Transforming Data with dbt
The trigger_dbt_flow()
task triggers a dbt (Data Build Tool) operation. It uses the prefect_dbt
library to interact with dbt. Within the task, the DbtCliProfile
and DbtCoreOperation
classes are utilized to define and execute dbt commands, such as debug, dependencies installation, seeding, and building.
Visualization and Reporting with Looker Data Studio
To visualize and report on our transformed data, we integrate Looker Data Studio into our pipeline. With Looker, we can explore and analyze our data, create interactive visualizations, and share insights with stakeholders. Its integration with Google BigQuery ensures real-time access to the latest data, enabling timely decision-making.
- Setup your Google Cloud environment
2. Install all required dependencies into your environment
pip install -r requirements.txt
3. Install Terraform
4. Run these commands
cd terraform/
terraform init
terraform plan -var="project=<your-gcp-project-id>"

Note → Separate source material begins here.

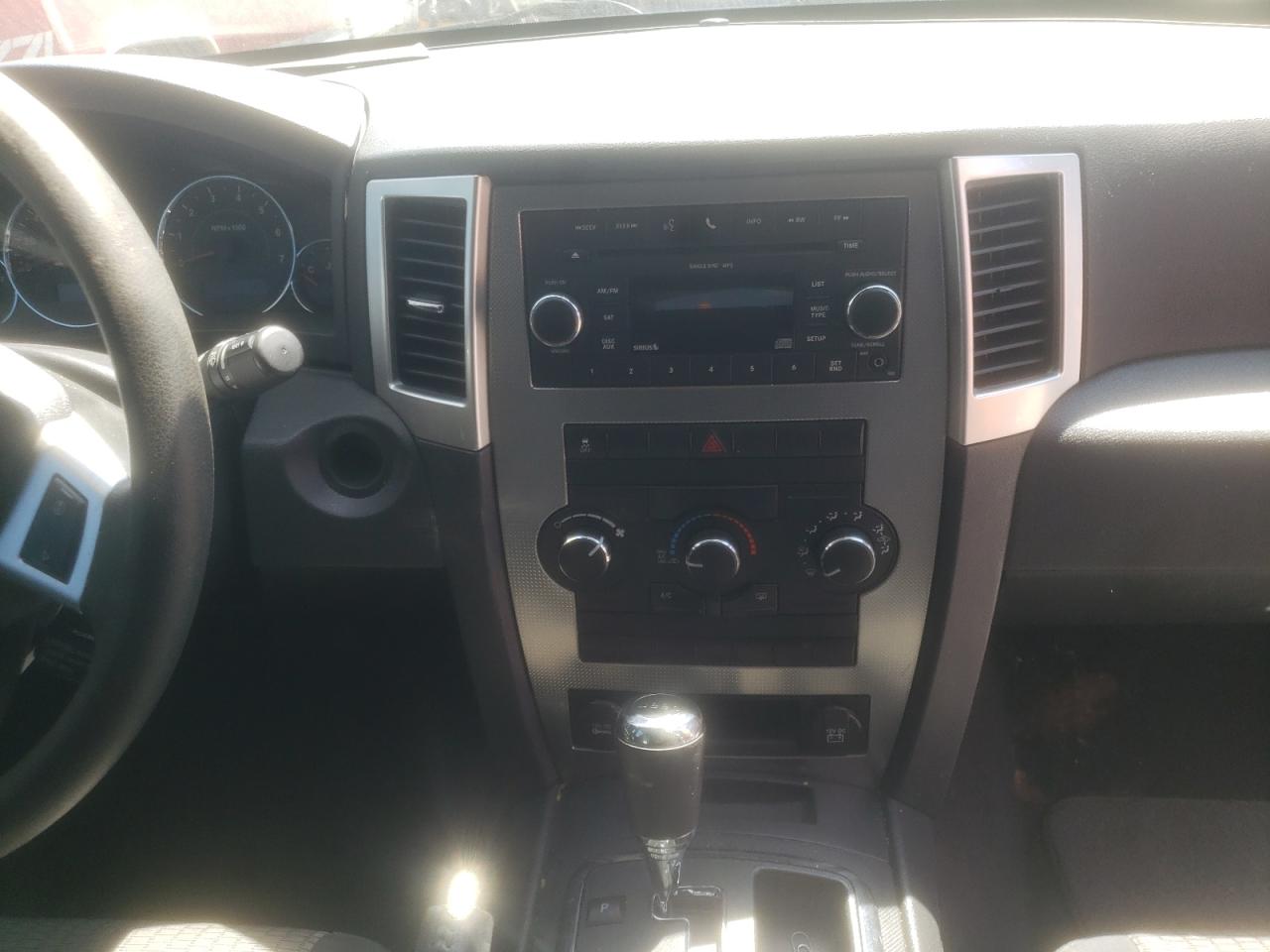 Photo 9 from auction – 2010 JEEP GRAND CHER with VIN 1J4PR4GK5AC140185
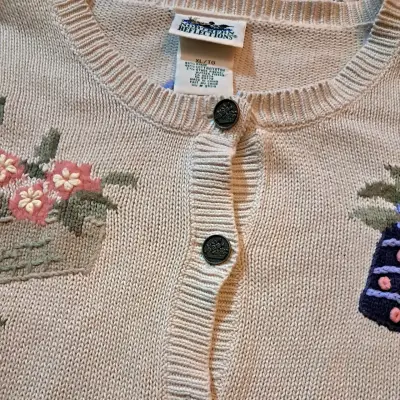 Cárdigan beige vintage con bordados florales - miniatura 4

terraform apply -var="project=<your-gcp-project-id>"she
5. Run the pipeline
python prefect/web_to_gcs.py
In this blog post, I explored the end-to-end process of building a data engineering pipeline. We leveraged Python for data ingestion, dbt for data transformation, Terraform for infrastructure management, Google Cloud Storage and Google BigQuery for data storage and warehousing, and Looker Data Studio for visualization and reporting. By integrating these powerful tools, we were able to extract, transform, store, and analyze Formula 1 racing data efficiently and effectively.
Embarking on this project allowed me to gain hands-on experience with cutting-edge data engineering technologies and showcase the power of cloud-based data solutions. I hope that this blog post inspires you to explore these tools and techniques further and empowers you to build your own data engineering pipelines.